Pairing code is froze on my screen and wont go off how do I put the code in my phone so my Bluetooth will connect


----------



## Blasirl (Mar 31, 2015)

Kristydfix said:


> Pairing code is froze on my screen and wont go off how do I put the code in my phone so my Bluetooth will connect


Welcome Aboard!

Don't forget to introduce yourself and your Cruze here.


----------



## Blasirl (Mar 31, 2015)

Kristydfix said:


> Pairing code is froze on my screen and wont go off how do I put the code in my phone so my Bluetooth will connect


This is the only thing I could find so far. It is from a post by @Ma v e n , but it is for the 2019 Cruze. 

*Deleting a Paired Phone*

Touch the Phone icon on the Home Page or the phone icon on the shortcut tray near the bottom of the display.
Touch Phones.
Touch the information icon next to the connected cell phone to display the cell phone’s or mobile device’s information display.
Touch Forget Device.
This is from Quora:
How do I reset the Bluetooth on a Chevy Cruze?
Based on my findings over the internet, this might help.

Press the CONFIG button.
Select Phone Settings.
Select Bluetooth.
Select Device List.
Select the phone to delete and follow the on screen prompts.
If the above step does not work, follow the below.

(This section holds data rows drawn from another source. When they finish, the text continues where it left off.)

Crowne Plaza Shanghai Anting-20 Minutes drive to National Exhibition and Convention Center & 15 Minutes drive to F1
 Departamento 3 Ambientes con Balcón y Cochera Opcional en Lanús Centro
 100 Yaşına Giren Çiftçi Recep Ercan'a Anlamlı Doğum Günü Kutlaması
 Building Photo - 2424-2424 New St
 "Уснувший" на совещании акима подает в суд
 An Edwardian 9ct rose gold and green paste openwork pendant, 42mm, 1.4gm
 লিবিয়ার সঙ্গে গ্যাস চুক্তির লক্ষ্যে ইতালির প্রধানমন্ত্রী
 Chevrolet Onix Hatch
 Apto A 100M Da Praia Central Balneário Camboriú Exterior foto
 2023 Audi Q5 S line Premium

Park the car, unplug all cables like USB, aux.
Turn engine off, open the driver's side door as wide as it will go and leave it open for five minutes.
This will trigger the system reset. After five minutes turn the car back on and now attempt to delete the devices in the list.
And this from the forum:








Screen Freezing up Radio/Bluetooth/USB


Has anyone else expeirienced any issues with their radio/touch screen? It started a couple weeks ago where my USB(my music) would just turn on randomly. Like im listened to the radio or XM and it just switches to my USB for no reason. Has this happened to anyone else???? Now 2 days ago i went...




www.cruzetalk.com


----------



## Ma v e n (Oct 8, 2018)

the code will disappear once your phone pairs with radio. you need to input that code into your phone if required on the PHONEs pairing screen. not all phones require this PIN


----------